Une communauté catholique installée dans l’Ardèche est actuellement en procès pour abus de faiblesse, devant le Tribunal Correctionnel de Privas. C’est la Famille Missionnaire de Notre Dame (FMND), reconnue comme un institut de vie consacrée de droit diocésain par l’Église catholique. On reproche à la communauté, et principalement au Père Bernard, son abbé, une emprise sur d’anciens membres de la communauté, qui se plaignent d’avoir été épuisés physiquement et mentalement et de s’être vu imposer une pensée unique.
De son côté, la communauté rejette toutes les accusations. Des centaines de personnes ont témoigné de leur soutien au Père Bernard, en racontant leur expérience, qu’ils considèrent extrêmement positive, au sein de la FMND.
Voilà, c’est en fait à peu près tout ce qu’il y a à savoir. Enfin, pas que…
Les accusations contre la communauté ont été portées en premier par la MIVILUDES (la Mission de Vigilance et de Lutte Contre les Dérives Sectaires) dans son rapport 2018-2020, sur la base de trois signalements d’anciens membres se plaignant d’avoir été sous emprise. Sous l’impulsion de la MIVILUDES le reste a suivi.
Alors faisons un point : je ne suis pas un grand fana des catholiques.
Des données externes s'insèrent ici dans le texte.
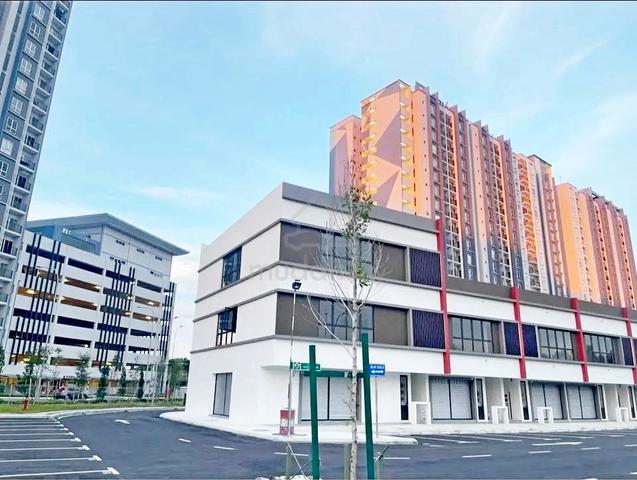 Bukit jelutong ground floor new 2 storey shop 22x70 rent. Laman idaman 1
Mon bien-aimé grand-père, que certains qualifiaient de « bouffeur de curés » bien qu’il n’en a jamais mangé aucun, aurait bien-sûr regardé ça d’un œil neutre quoique souriant en pensant « on récolte ce que l’on sème ». Je ne suis pas loin de penser comme lui. Mais si j’adoptais cette attitude, ce serait en toute mauvaise foi, pour les raisons suivantes :
Une presse indigente
A la lecture des articles de presse, que ce soit de la presse de gauche ou de la presse de droite ou de la presse du Centre (de la France, j’entends, on est en Ardèche que diable !) on constate que la paresse intellectuelle de nos organes d’information est affligeante. Un exemple est flagrant, et malheureusement courant, puisqu’on le retrouve dans bien d’autres affaires : on y parle de « victimes », avant même une quelconque condamnation, ce qui bien entendu, est une violation du principe de la présomption d’innocence (dont l’atteinte est sanctionnée par la loi, si superflu que puisse être ce rappel), puisque cela laisse supposer que le délit a été commis, puisqu’il y a victime, et donc que le poursuivi a bien des chances d’être coupable. Mais le journaliste pense que la « victime » c’est plus vendeur que le ou la « plaignante ».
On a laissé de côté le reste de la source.